Paris, 9 juin,



lors de la conférence de presse présentant ATTAC (association pour une taxation des transactions financières au service des citoyens, défendant le principe de "la taxe Tobin") notre ami René Passet, qui en préside le conseil scientifique, appelle à la nécessité, face "au Davos de la finance, de dresser un Davos de la ressource humaine". C'est effectivement , nous l'avons dit dans notre numéro spécial sur "la Préférence Humaine", l'un des axes prioritaires de ce nouvel humanisme qu'il s'agit de refonder à l'aube du XXIème siècle. Le refonder car, avec l'entrée dans l'ère informationnelle, le monde a changé de base et modifié en profondeur le rapport de l'homme à autrui, à la nature, à la connaissance. Nous avons sufissamment développé cet aspect dans Transversales pour que je n'y insiste pas davantage ici. Mais il nous faut aussi le refonder pour dépasser ce qu'il peut y avoir de trop simpliste dans la préoccupation humaniste classique. Nous avons en effet affaire à une espèce très particulière qui ne se laisse pas appréhender dans la simplicité des schémas, qu'ils soient cyniques ou vertueux. Le présupposé anthropologique du libéralisme économique, c'est que l'être humain est un calculateur rationnel et égoiste, mais que la poursuite combinée de ces intérêts particuliers permet, par l'ajustement de "la main invisible" du marché, de produire une forme d'intérêt général.
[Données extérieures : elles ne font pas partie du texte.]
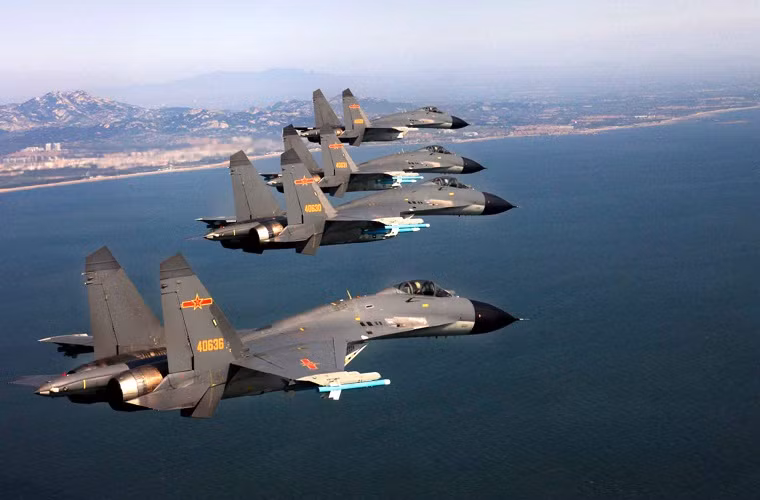 Không quân Trung Quốc có quân số 398.000 người và được trang bị hơn 2.193 máy bay các loại. Lực lượng máy bay chiến đấu chủ lực của Không quân Trung Quốc hiện này gồm những chiếc tiêm kích Su-30, Su-27 do Nga sản xuất và J-11 do Trung Quốc chế tạo. Bên cạnh đó Không quân Trung Quốc cũng sở hữu các máy bay ném bom hạng nặng H-6 có khả năng theo vũ khí hạt nhân.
La "fable des abeilles" de Mandeville, qui évoque la transformation des "vices privés en vertus publiques", caractérise bien cette approche. Ce présupposé tout à la fois pessimiste (l'homme est fondamentalement égoiste) et miraculeux (cet égoisme sert l'intérêt général) est très contestable. D'un côté, on peut montrer que l'être humain est autant être de passion que de raison, capable de coopération tout autant que de compétition ; de l'autre, que la poursuite combinée des vices privés peut fort bien produire, si aucun contre-pouvoir ne vient l'en empêcher, un régime social pervers et destructeur : le nazisme, le système maffieux en constituent des exemples.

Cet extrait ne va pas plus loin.